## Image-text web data
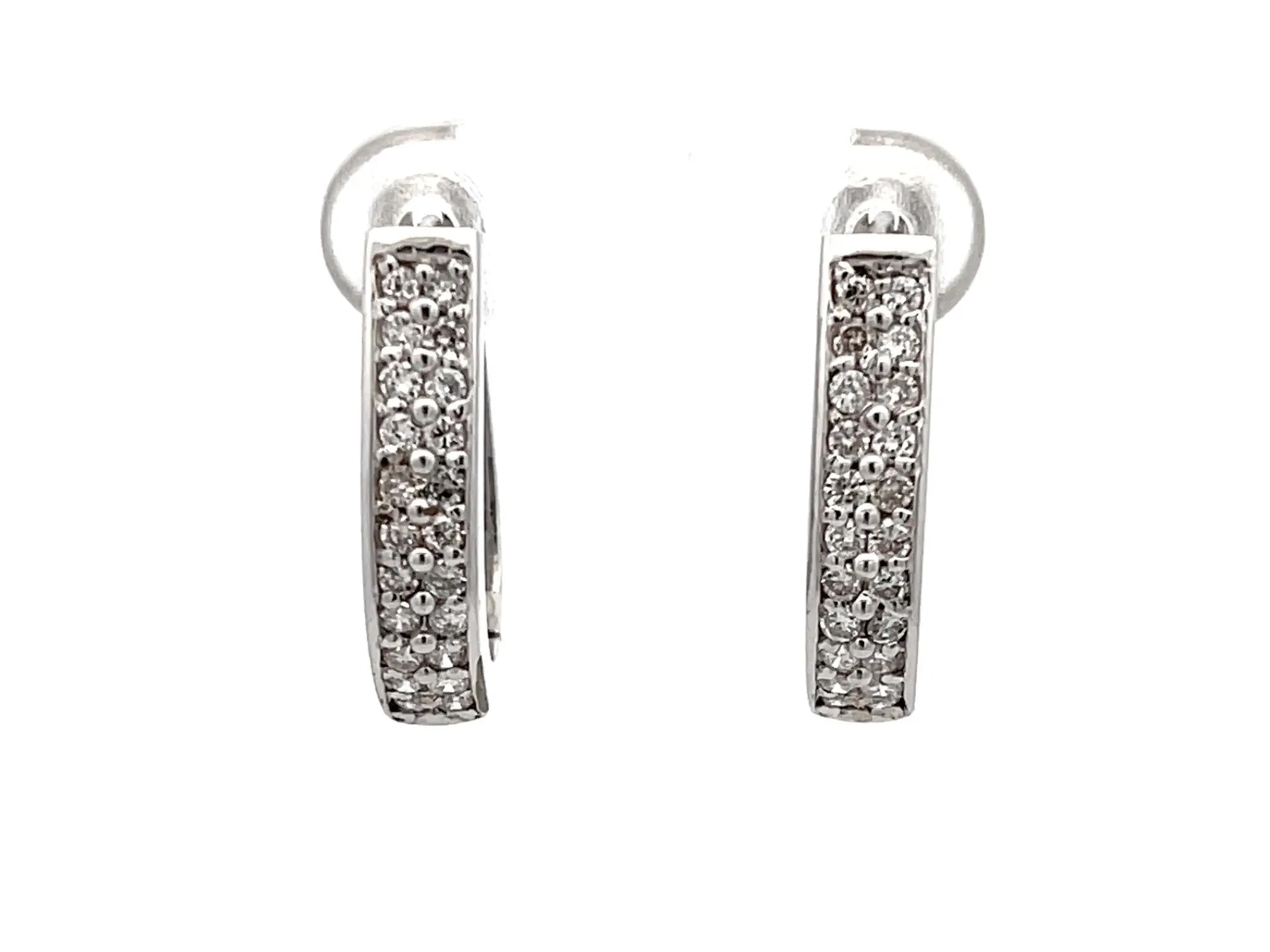 Oval Hoop Diamond Earrings Solid 14K White Gold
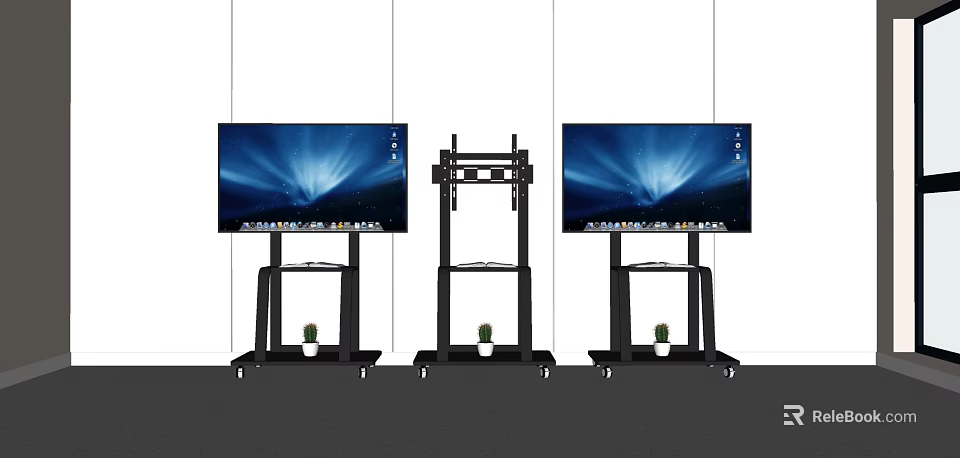 Sturdy Wrought Iron TV Stands With Rolling Wheels And Small Potted Plants 3d model 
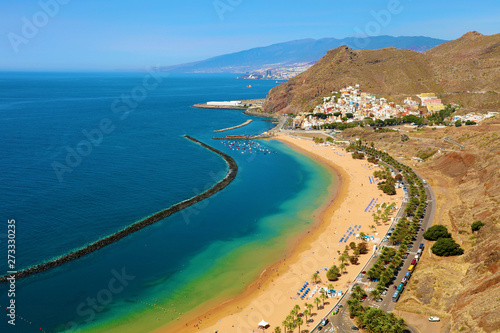 Panoramic view of San Andres village and Las Teresitas Beach, Tenerife, Spain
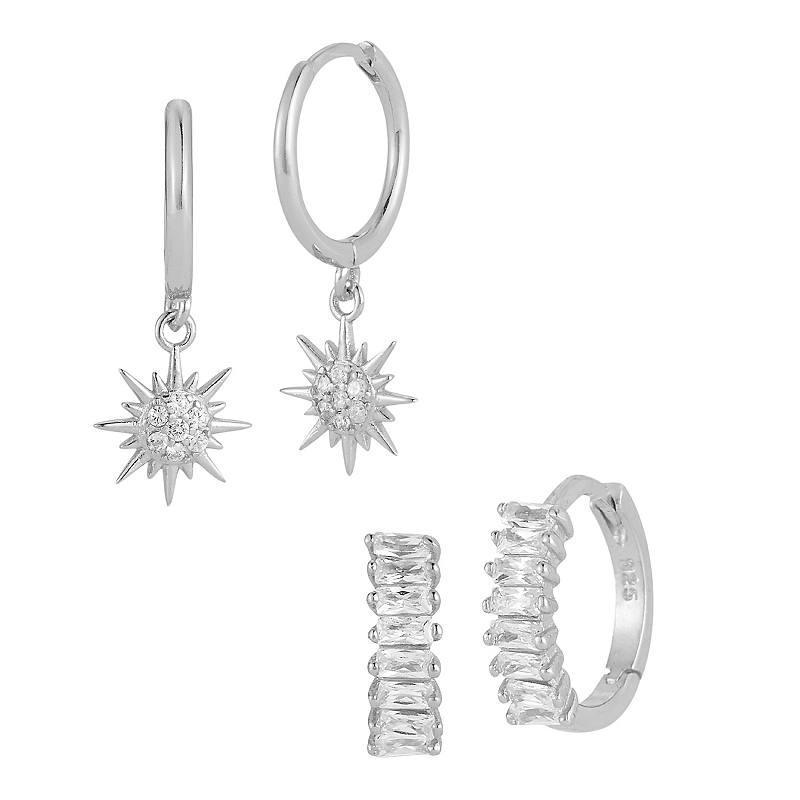 Sunkissed Sterling Cubic Zirconia Sun Charm Huggie Hoop Earring Set, Womens, Silver Tone Product Image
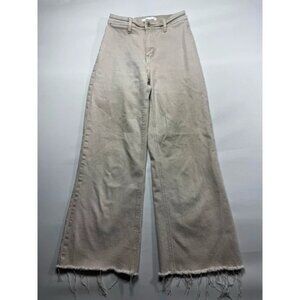 Vervet Women's Raw Hem Wide Leg Beige Stretch Denim Jeans - Size 25x28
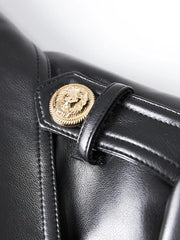 Black Faux Leather Trench Coat with Gold Buttons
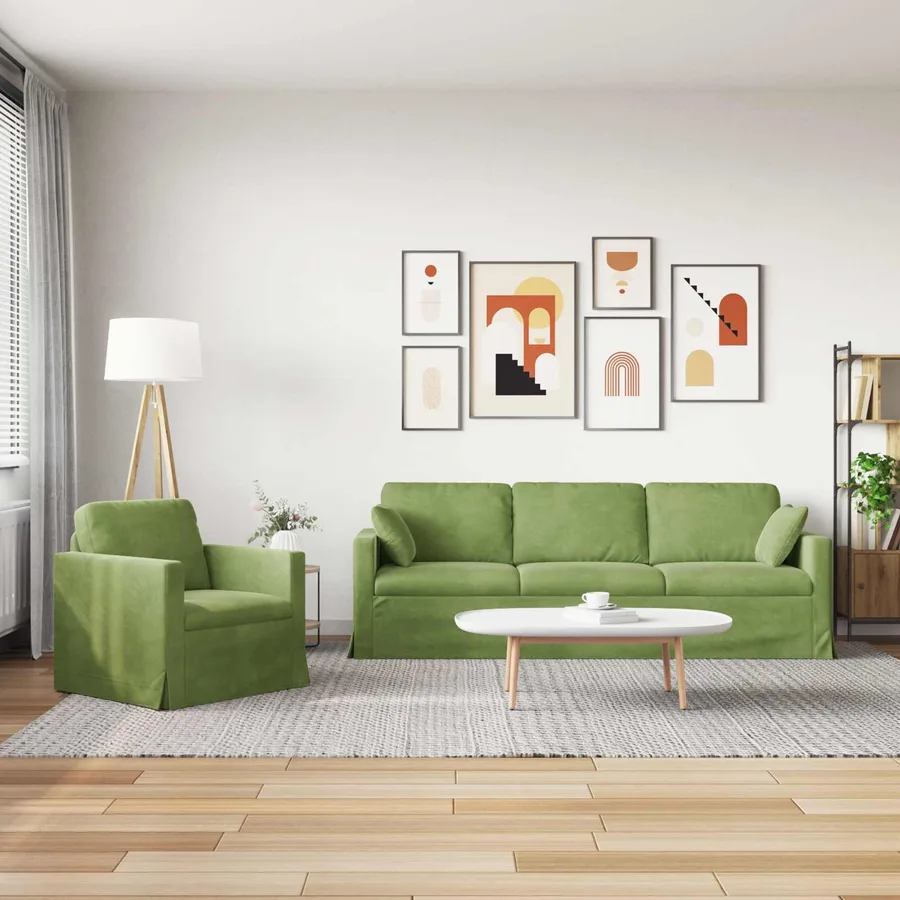 Ensemble de Canapés 2 pcs Vert clair 228 x 78 x 80 cm Velours - 3
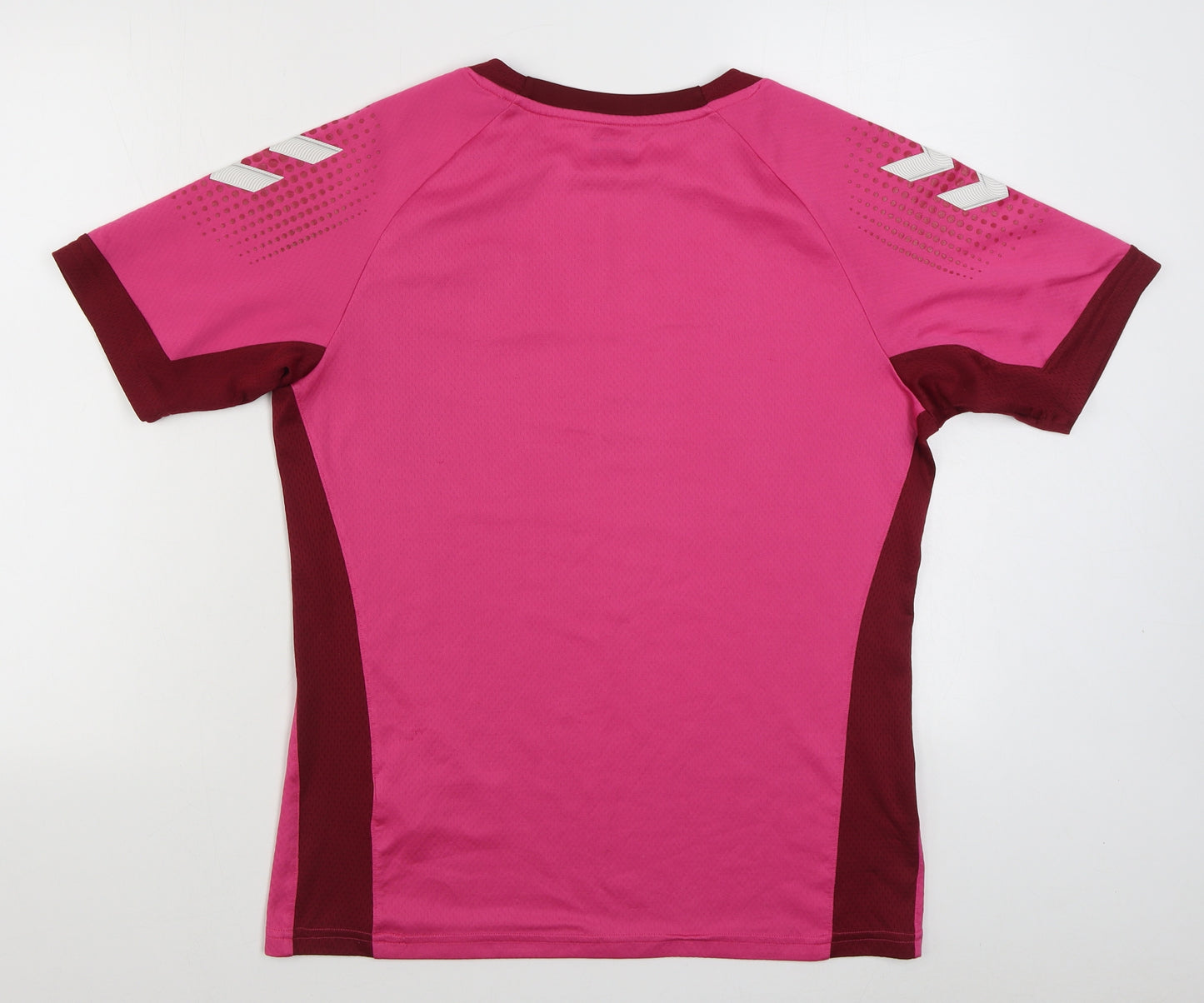 Hummel Mens Pink  Polyester Basic T-Shirt Size M Round Neck Pullover - Crusaders F.C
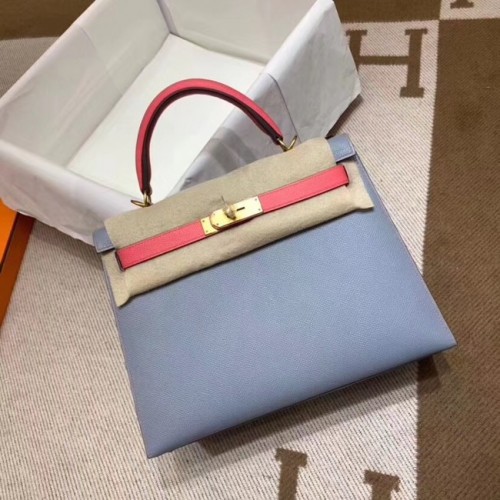 Hermes Kelly 28 см чанта през рамо Epsom кожа KL28 синьо и розово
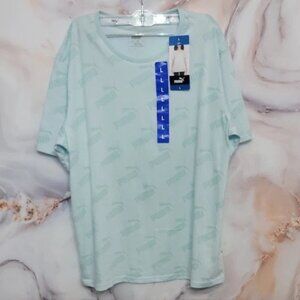 Puma Women's Size L Bust 44 Blue Boyfriend Crew Neck Logo Short Sleeve Shirt :)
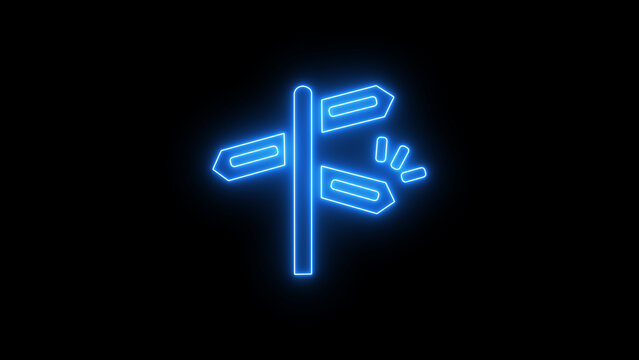 glowing blue neon signpost with multiple arrow directions indicating choice and decision making on a dark background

## Your task
Reproduce the data above without a single change, please, but without its pictures.

## Task output
 Oval Hoop Diamond Earrings Solid 14K White Gold
 Sturdy Wrought Iron TV Stands With Rolling Wheels And Small Potted Plants 3d model 
 Panoramic view of San Andres village and Las Teresitas Beach, Tenerife, Spain
 Sunkissed Sterling Cubic Zirconia Sun Charm Huggie Hoop Earring Set, Womens, Silver Tone Product Image
 Vervet Women's Raw Hem Wide Leg Beige Stretch Denim Jeans - Size 25x28
 Black Faux Leather Trench Coat with Gold Buttons
 Ensemble de Canapés 2 pcs Vert clair 228 x 78 x 80 cm Velours - 3
 Hummel Mens Pink  Polyester Basic T-Shirt Size M Round Neck Pullover - Crusaders F.C
 Hermes Kelly 28 см чанта през рамо Epsom кожа KL28 синьо и розово
 Puma Women's Size L Bust 44 Blue Boyfriend Crew Neck Logo Short Sleeve Shirt :)
 glowing blue neon signpost with multiple arrow directions indicating choice and decision making on a dark background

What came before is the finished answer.